------ Records supplied

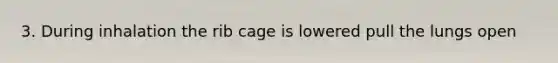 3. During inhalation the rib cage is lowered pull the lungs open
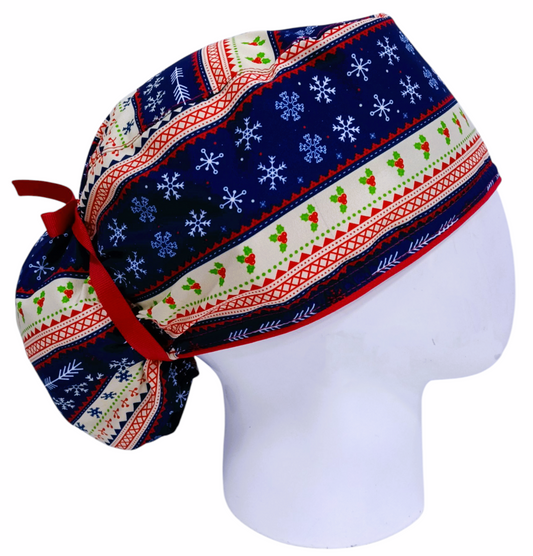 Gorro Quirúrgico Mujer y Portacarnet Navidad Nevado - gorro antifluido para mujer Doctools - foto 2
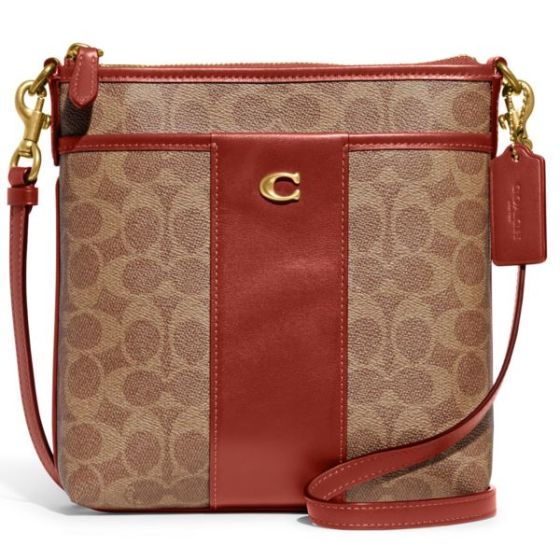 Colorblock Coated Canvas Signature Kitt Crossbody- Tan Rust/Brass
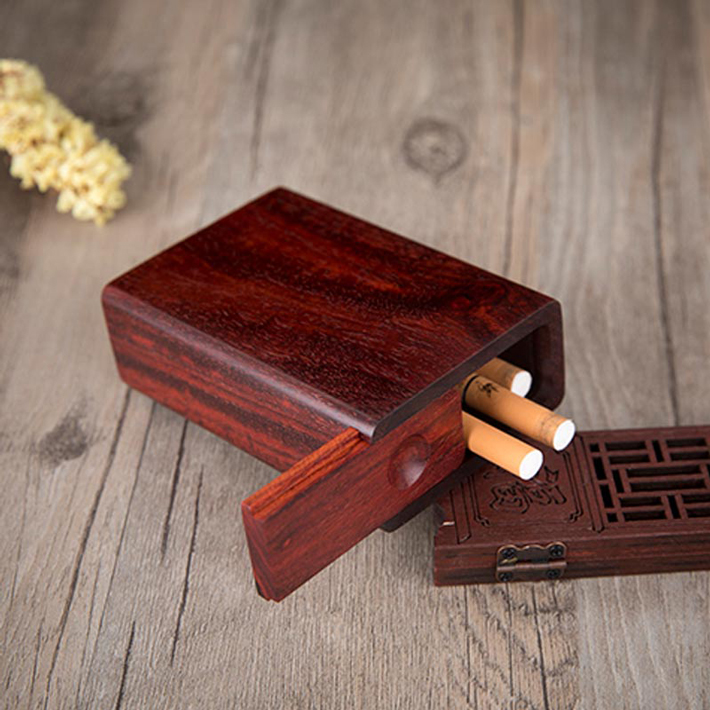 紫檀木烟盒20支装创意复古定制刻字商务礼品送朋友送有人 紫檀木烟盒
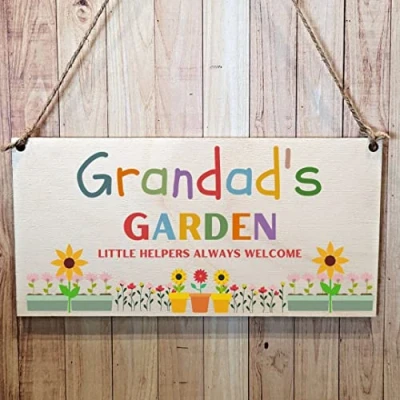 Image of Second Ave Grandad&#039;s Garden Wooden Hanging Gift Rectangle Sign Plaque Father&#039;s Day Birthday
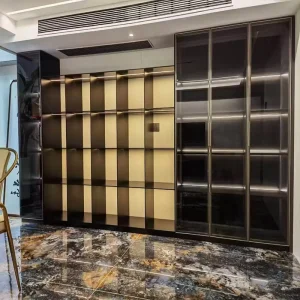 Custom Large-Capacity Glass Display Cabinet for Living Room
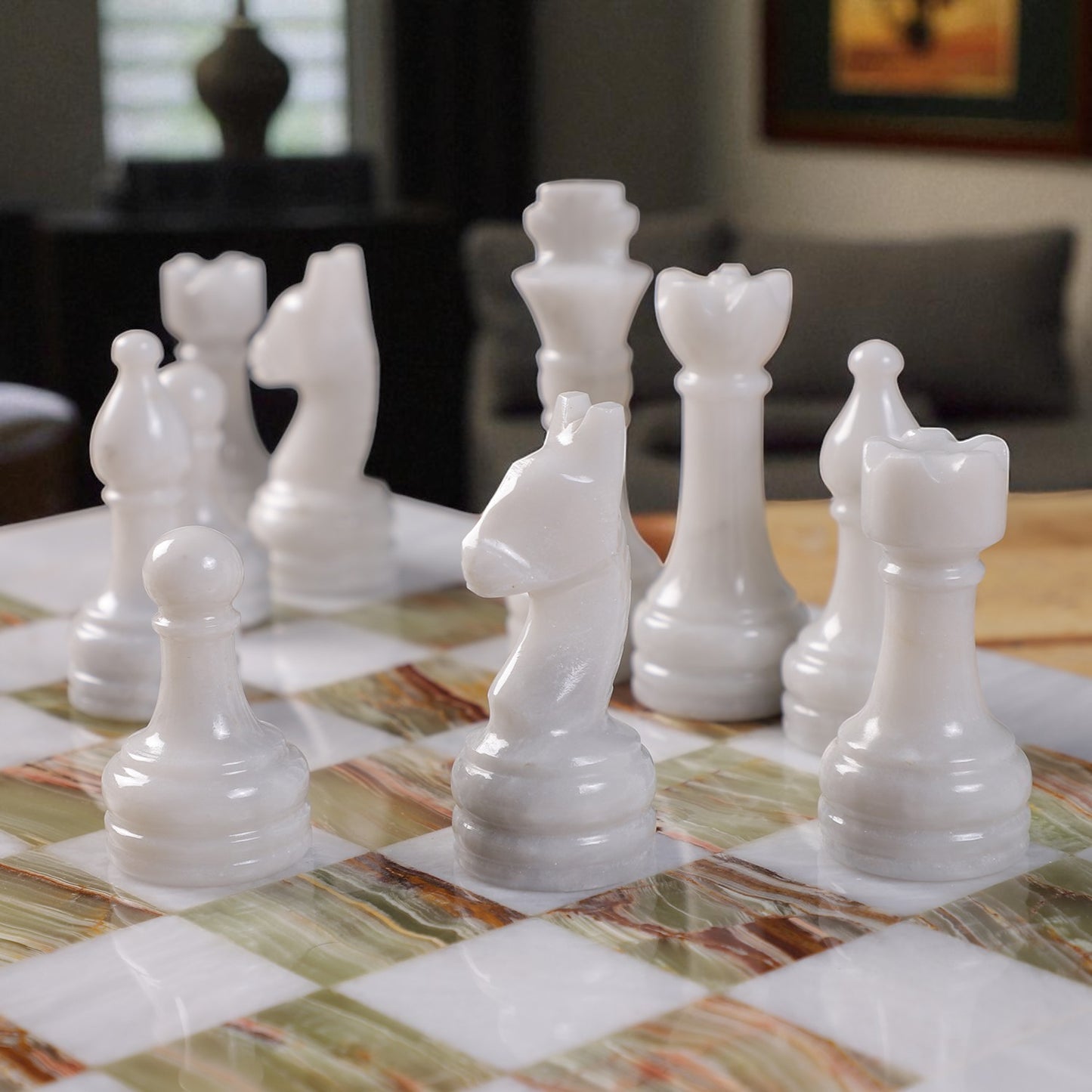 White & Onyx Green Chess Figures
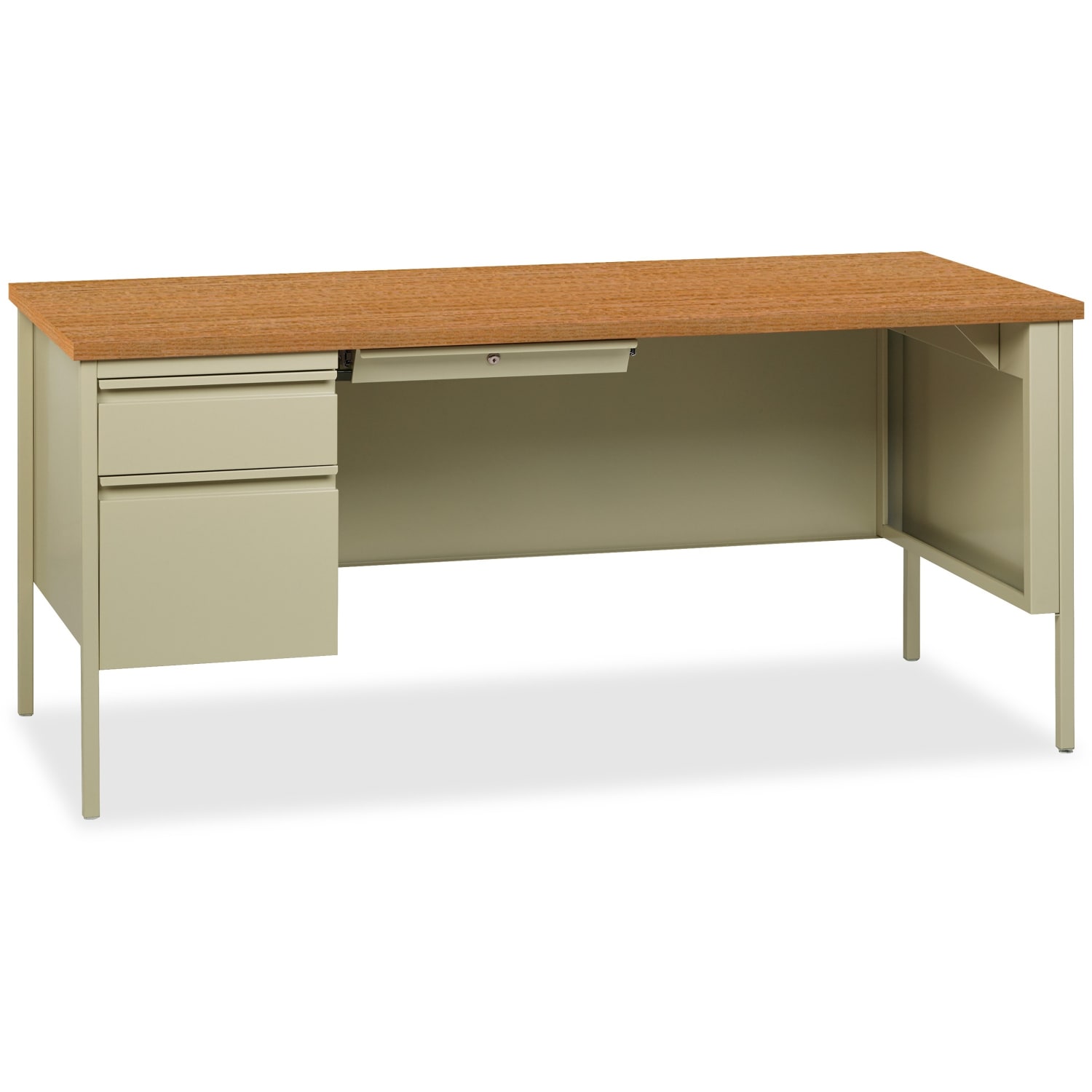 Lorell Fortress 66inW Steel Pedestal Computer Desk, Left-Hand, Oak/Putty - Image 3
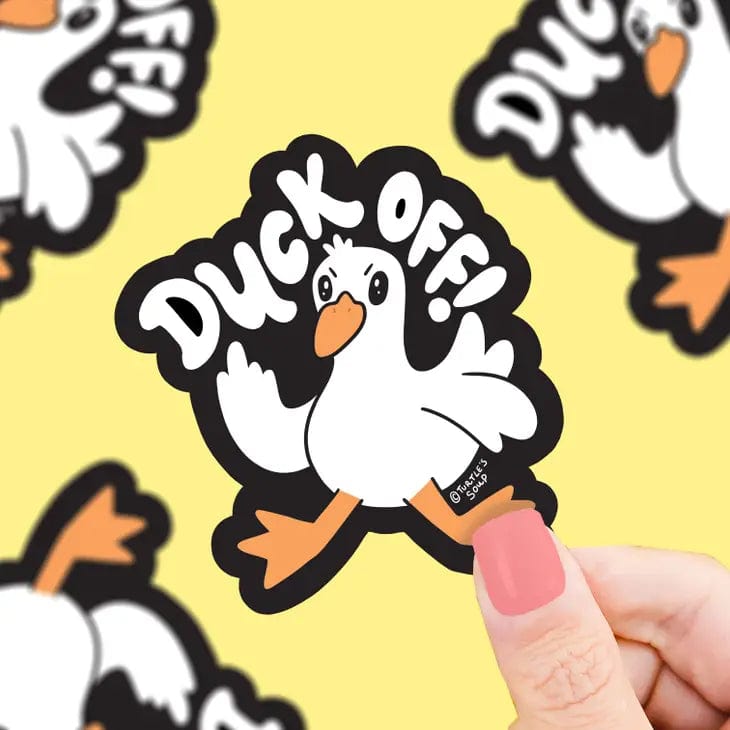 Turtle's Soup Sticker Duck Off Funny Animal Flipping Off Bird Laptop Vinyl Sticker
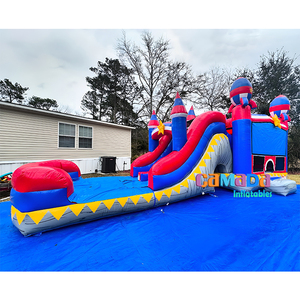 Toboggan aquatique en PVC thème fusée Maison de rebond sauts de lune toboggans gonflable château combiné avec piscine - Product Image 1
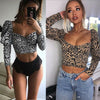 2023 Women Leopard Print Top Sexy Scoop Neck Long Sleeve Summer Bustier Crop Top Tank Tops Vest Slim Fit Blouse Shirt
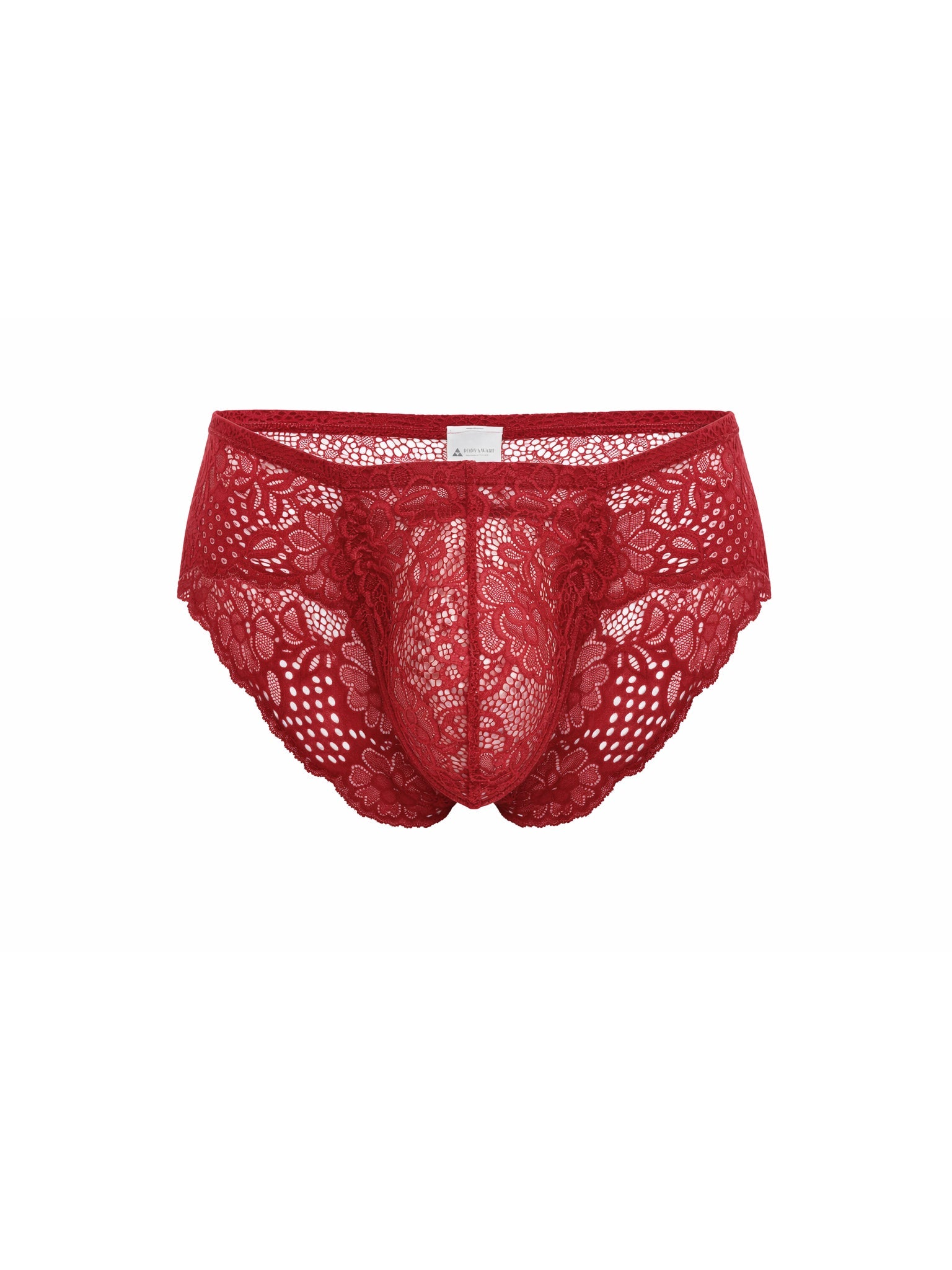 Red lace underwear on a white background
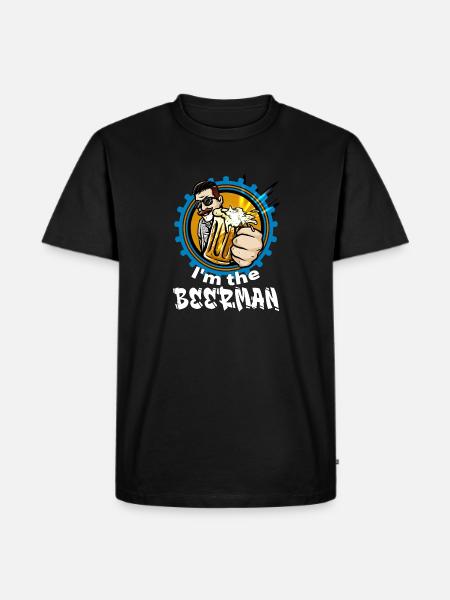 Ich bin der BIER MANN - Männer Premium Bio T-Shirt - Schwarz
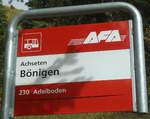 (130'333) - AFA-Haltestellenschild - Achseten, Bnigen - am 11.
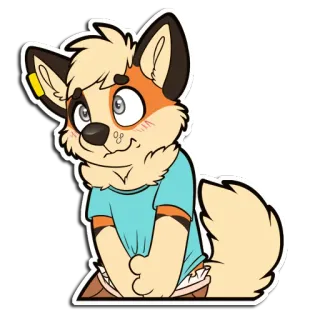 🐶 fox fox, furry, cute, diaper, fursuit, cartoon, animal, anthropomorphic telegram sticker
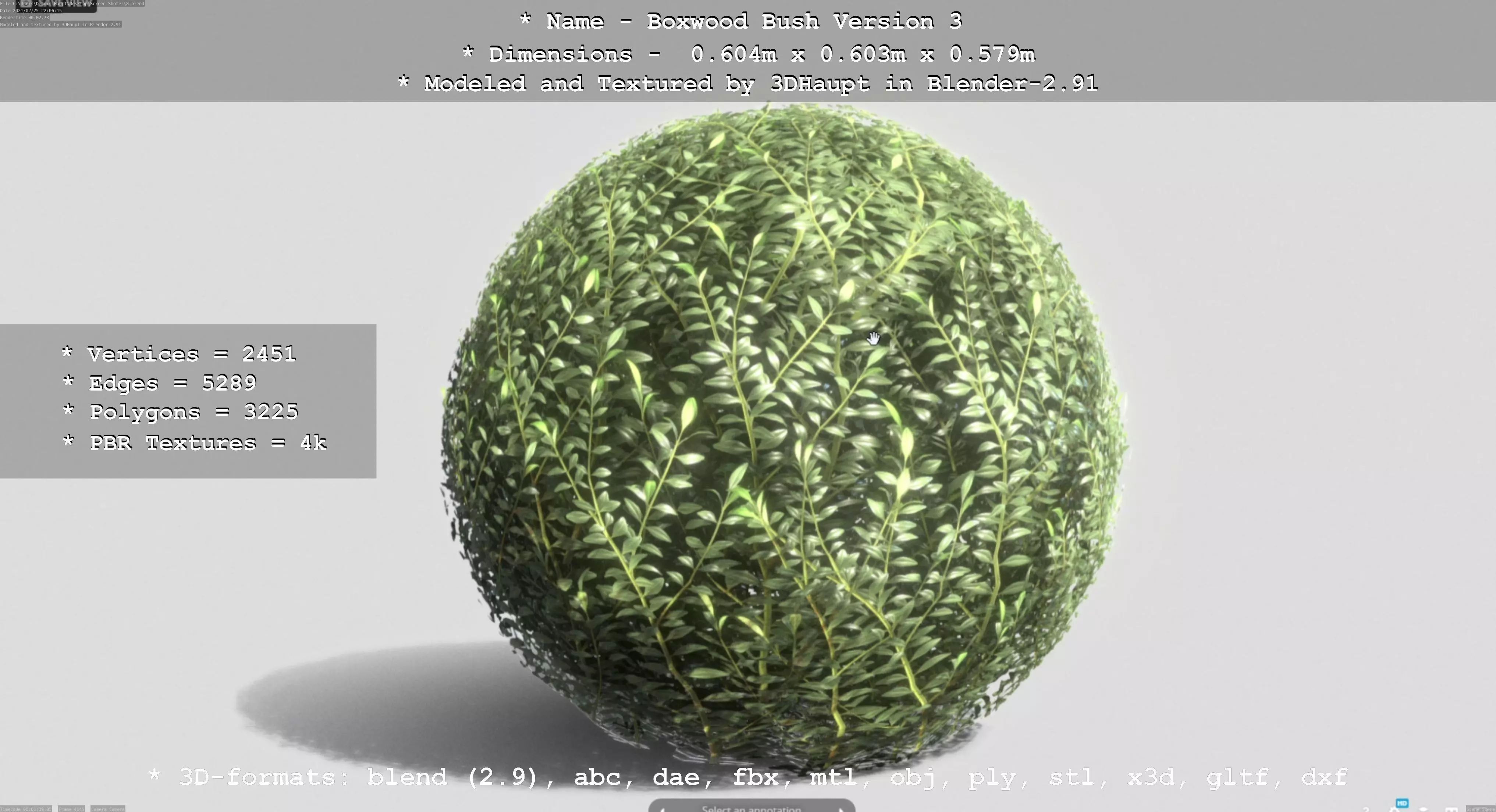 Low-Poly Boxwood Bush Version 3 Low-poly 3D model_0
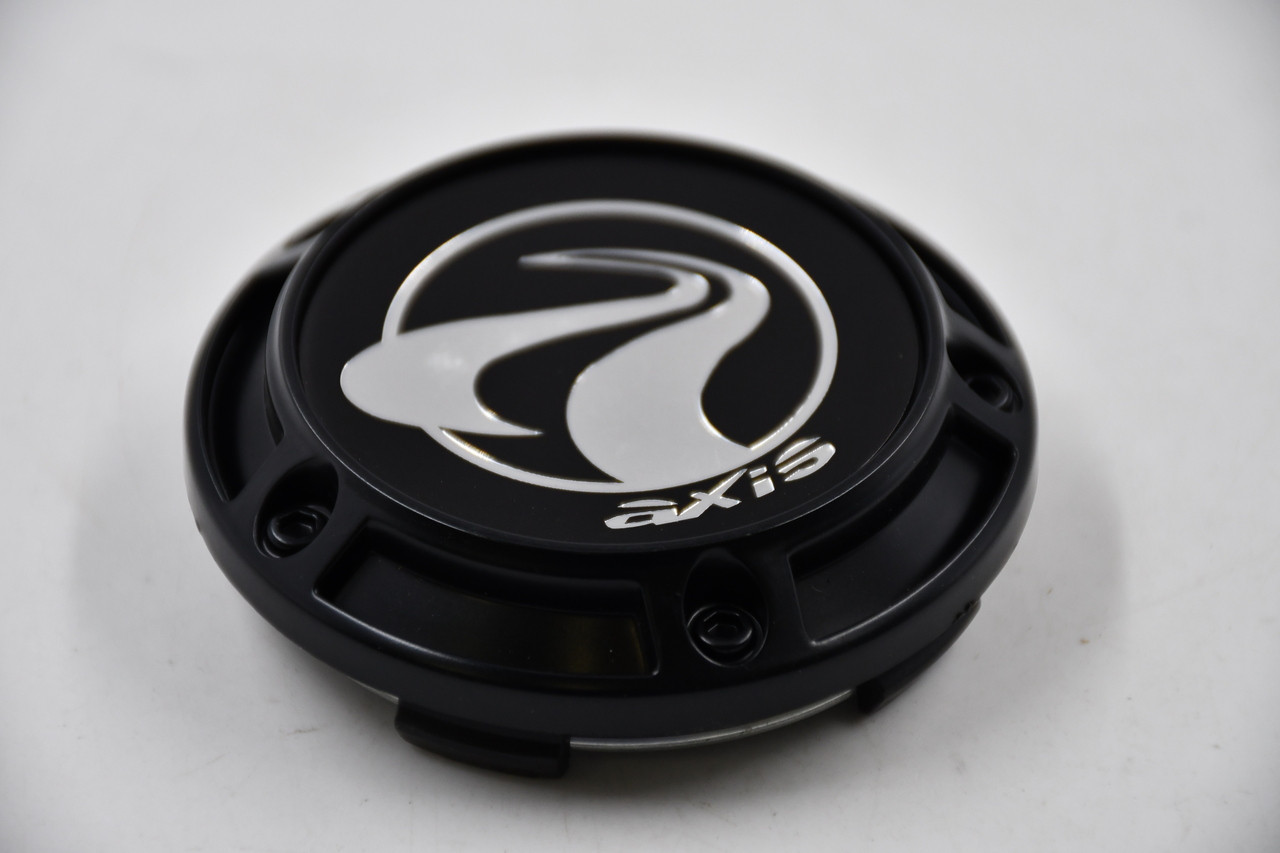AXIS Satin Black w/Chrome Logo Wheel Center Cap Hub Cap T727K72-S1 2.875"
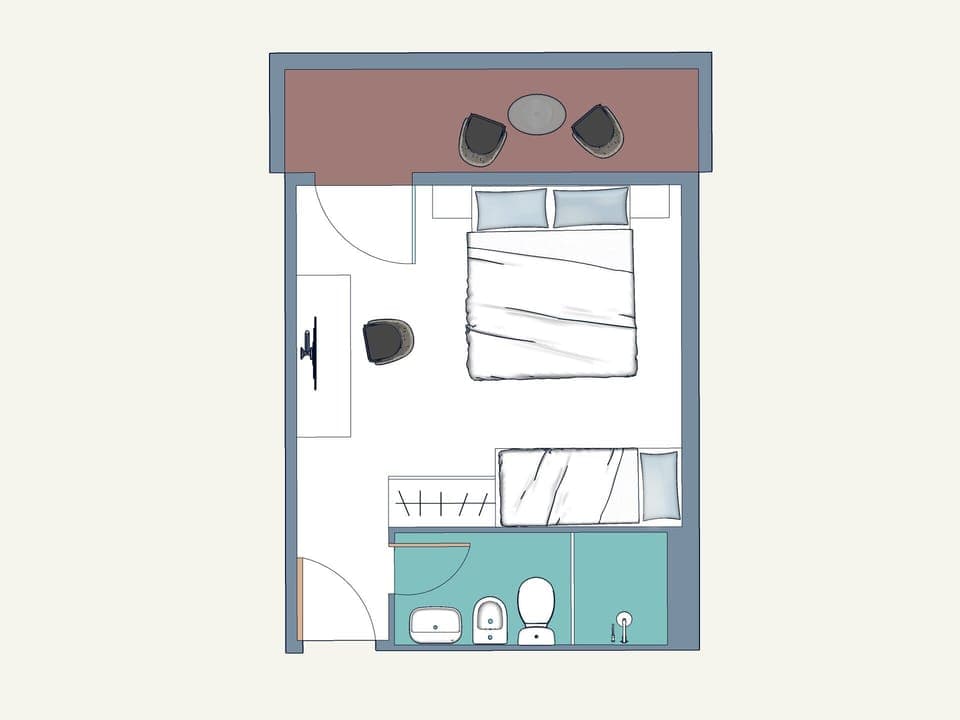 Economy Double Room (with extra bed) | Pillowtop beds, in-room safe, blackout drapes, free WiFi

------------

Directions:
Taking the entries above, extract every line from the one bearing "Colorblock Coated Canvas" through the one bearing "White & Onyx Green Chess Figures", exactly, with no pictures.

Task output:
 Colorblock Coated Canvas Signature Kitt Crossbody- Tan Rust/Brass
 紫檀木烟盒20支装创意复古定制刻字商务礼品送朋友送有人 紫檀木烟盒
 Image of Second Ave Grandad&#039;s Garden Wooden Hanging Gift Rectangle Sign Plaque Father&#039;s Day Birthday
 Custom Large-Capacity Glass Display Cabinet for Living Room
 White & Onyx Green Chess Figures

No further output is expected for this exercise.